Recent optogenetic studies revealed that orexin neurons are also glutamatergic (Schone et al. 2014). Glutamate-mediated fast and orexin-mediated slow neurotorasmission make it possible for orexin neurons to convert signals into transient and sustained signals in the same postsynaptic target neurons. The downstream pathways of orexin receptor-expressing neurons are described in more detail in a separate chapter (Mieda).
3.3 Orexin and Reward/Addiction
Besides feeding and arousal, orexin system also plays an important role in the reward system. The reward system is closely related to both feeding and wakefulness. Cues and contexts associated with rewards, including food, sex and drugs, increase the number of Fos-positive orexin neurons and prepro-orexin mRNA levels (Sakurai et al. 1998; Harris et al. 2005a; Di Sebastiano et al. 2011; Cason et al. 2010). Orexin neurons send dense projections to the ventral tegmental area (VTA), in which dopaminergic neurons that send innervations to the NAc are localized (Yoshida et al. 2006) (Fig. 2). The NAc in turn sends projections to orexin neurons, constituting a reciprocal link. Intracerebroventricular injection of orexins or local administration into the VTA can reinstate previously-extinguished drug-seeking or food-seeking behaviour in rodents (Boutrel et al. 2005; Harris et al. 2005a), and orexin neurons are activated during the behavioural expression of preferences for cues associated with reward (Harris et al. 2005a). The VTA expresses both OX1R and OX2R (Marcus et al. 2001), with dopaminergic neurons predominantly expressing OX1R, and orexin signaling in the VTA has been implicated in reinforcement and reward-related processes via actions on VTA dopamine neurons (Balcita-Pedicino and Sesack 2007) (Fig. 3).

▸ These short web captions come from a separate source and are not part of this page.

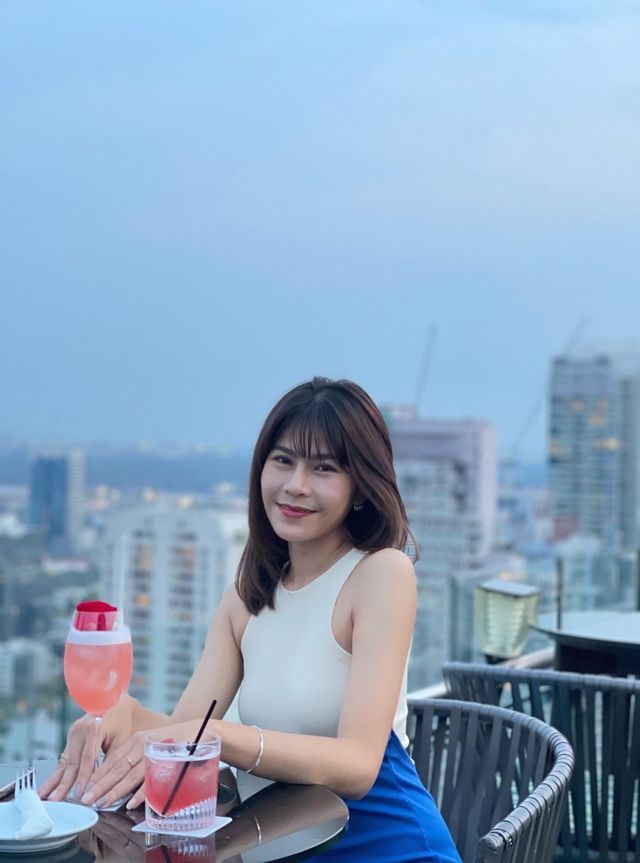Vanilla Sky Rooftop Bar 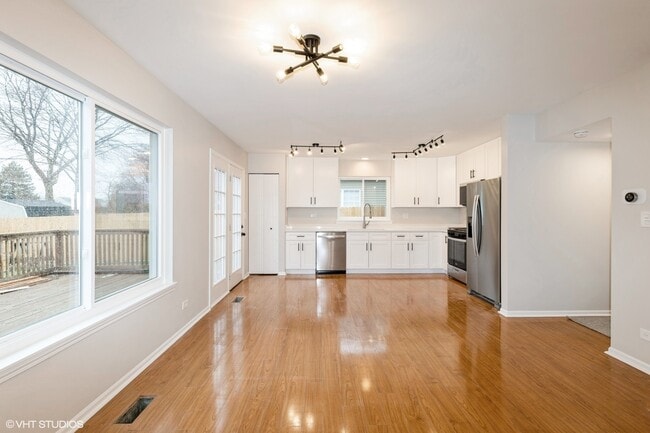 Building Photo - 4663 Rolling Hills Dr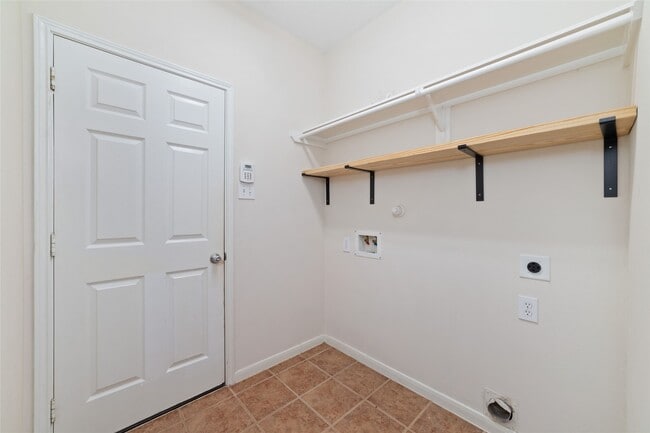 Photo - 14011 Mohave Way Dr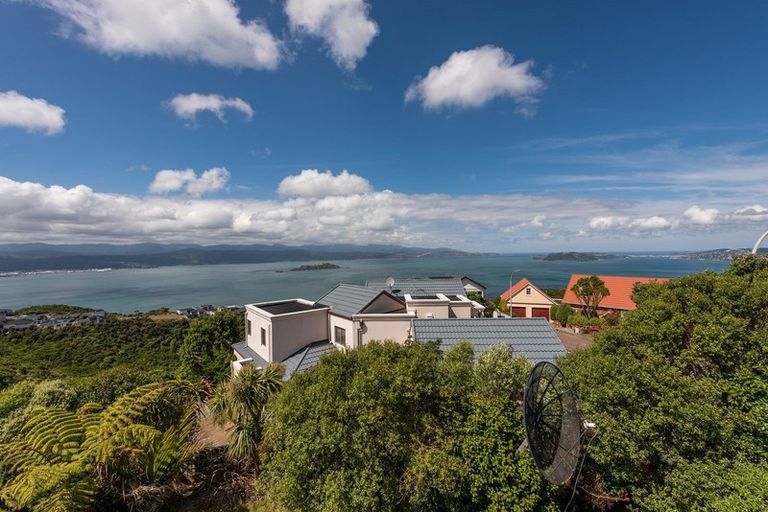 Photo of property in 42 Dress Circle, Newlands, Wellington, 6037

An increasing body of work shows that orexin neurons also play a part in the behavioural presentation of addiction to drugs including cocaine, amphetamine, morphine, heroin, nicotine, ethanol and cannabinoids (Espana et al. 2011; Mahler et al. 2012; Martin-Fardon and Boutrel 2012). Generally, orexin seems to be involved in the modulation of highly-motivated reward seeking, especially when this seeking is triggered by external cues that are conditioned with the rewards. Although the 1-SORA SB-334867 did not affect the expression of cocaine and amphetamine-sensitization in animals tested immediately after training (Borgland et al. 2006), it blocked the expression of sensitization after a period of abstinence following amphetamine sensitization training, as did the DORA almorexant (Quarta et al. 2010; Winrow et al. 2010). This suggests that the OX1R is involved in the acquisition of sensitization. In another example, the 1-SORAs SB-334867 and GSK-1059865 attenuated the expression of cocaine and amphetamine-induced conditioned place preference in rats (Gozzi et al. 2011; Hutcheson et al. 2011; Sartor and Aston-Jones 2012).
Importantly, neither orexins nor their receptor antagonists affect self-adminstration of addictive drugs such as cocaine in rodents (Espana et al. 2010, 2011; Hutcheson et al. 2011), suggesting that orexins have no major role in the reinforcing or the priming effects of cocaine. However, orexin A has been shown to promote motivation in a study using rats in which high levels of effort were required for seeking addictive drugs in self-administration paradigms (Borgland et al. 2009). These results suggested that orexins plays an essential role in reward-seeking not by influencing the primary reinforcing or priming effects of rewards, but by supporting motivated behavior. Intraperitoneal injections or intra-VTA administration of the 1-SORA SB-334867 blocked reinstatement of cocaine seeking elicited by either discrete cues or contextual stimuli in rats (Smith et al. 2009, 2010; James et al. 2011), whereas intraperitoneal injection of the 2-SORA 4-PT did not affect cue-induced reinstatement (Smith et al. 2009). These observations suggest that orexin neurons might be activated by external reward-related stimuli and then send information to the VTA to induce reinstatement through the activation of OX1R.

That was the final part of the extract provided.